Data section:
%%

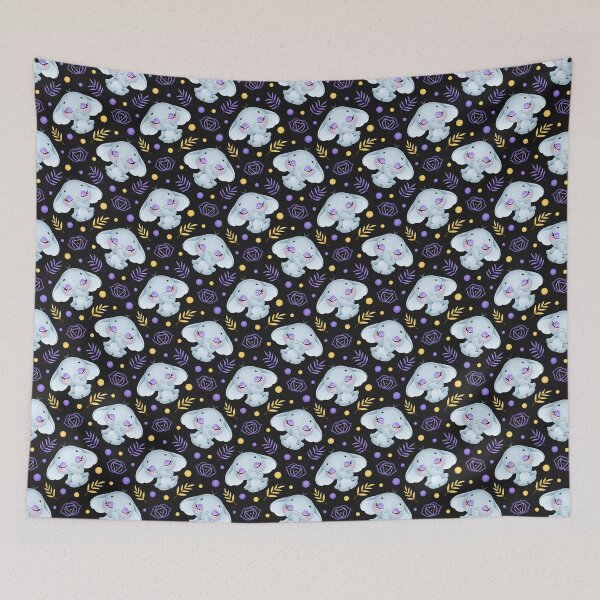 Item preview, Animals Yoga - Yoga elephant pattern designed and sold by mamacub.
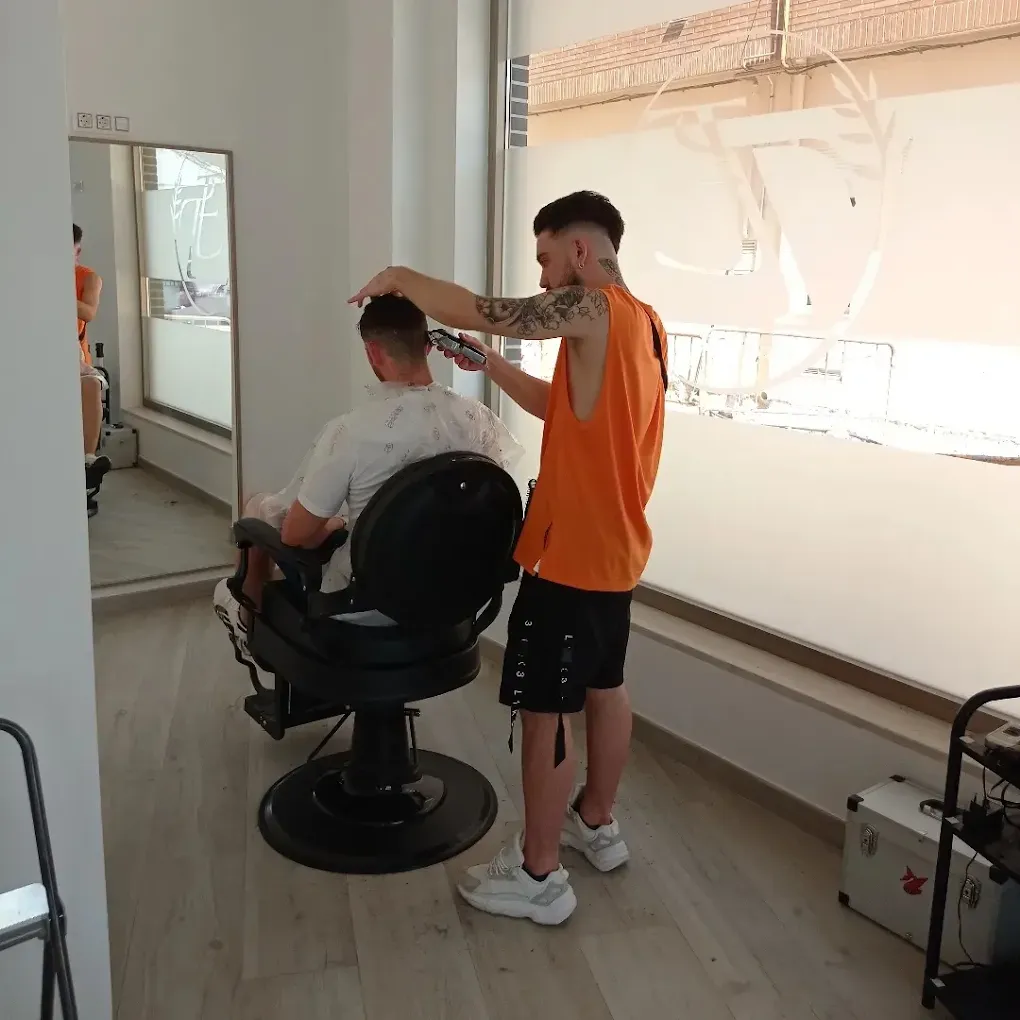 Servicio de barbería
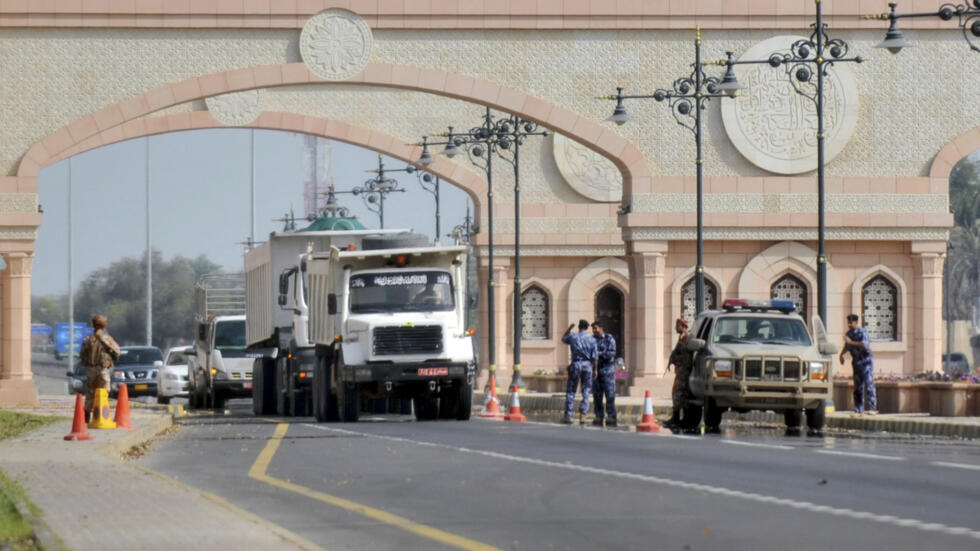 المغرب يدين حادث إطلاق النار بمحيط مسجد بعمان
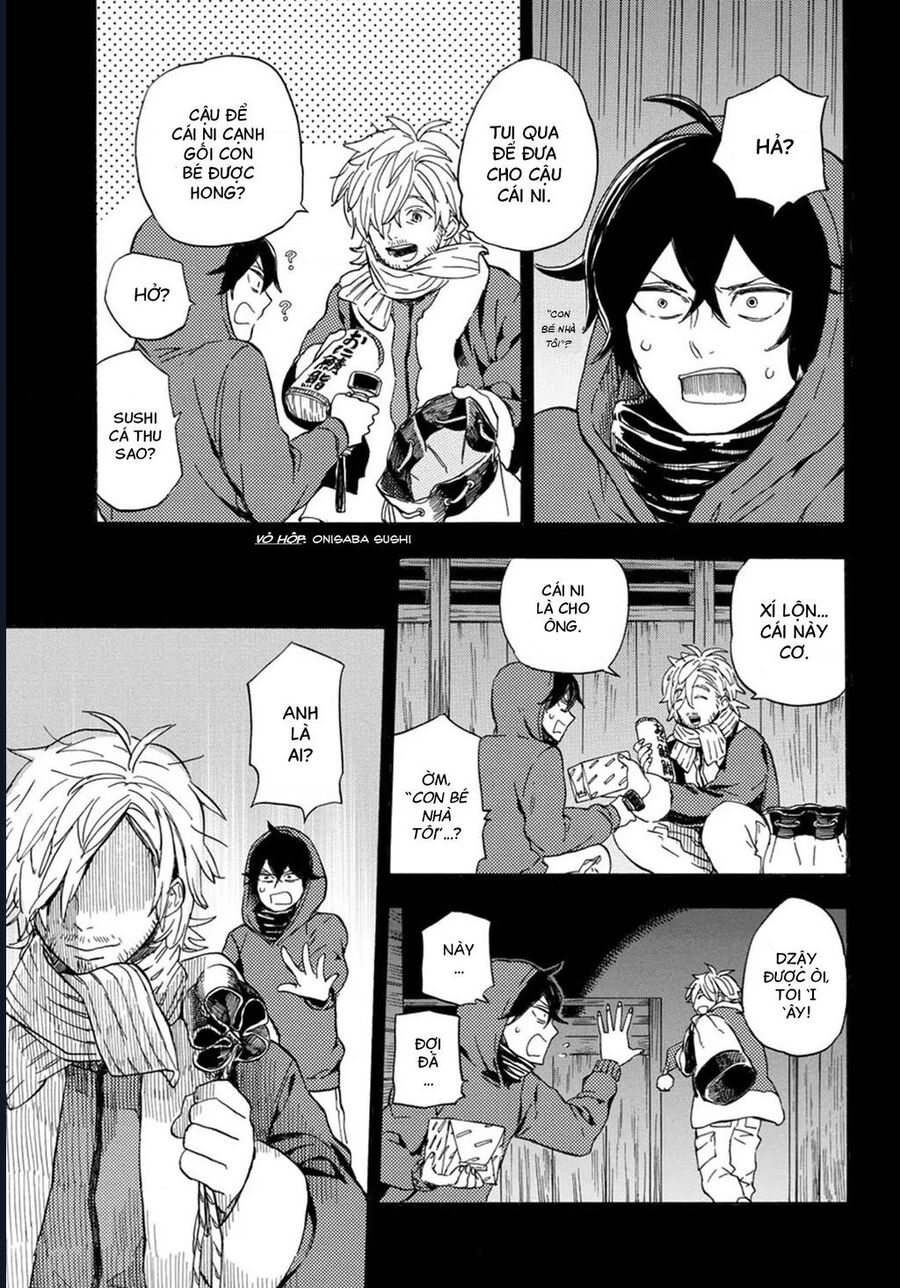 Barakamon Chapter 90 - Trang 2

%%

Work request:
Pictures aside, the material must be written out word for word.

Response to this exercise:
 Item preview, Animals Yoga - Yoga elephant pattern designed and sold by mamacub.
 Servicio de barbería
 المغرب يدين حادث إطلاق النار بمحيط مسجد بعمان
 Barakamon Chapter 90 - Trang 2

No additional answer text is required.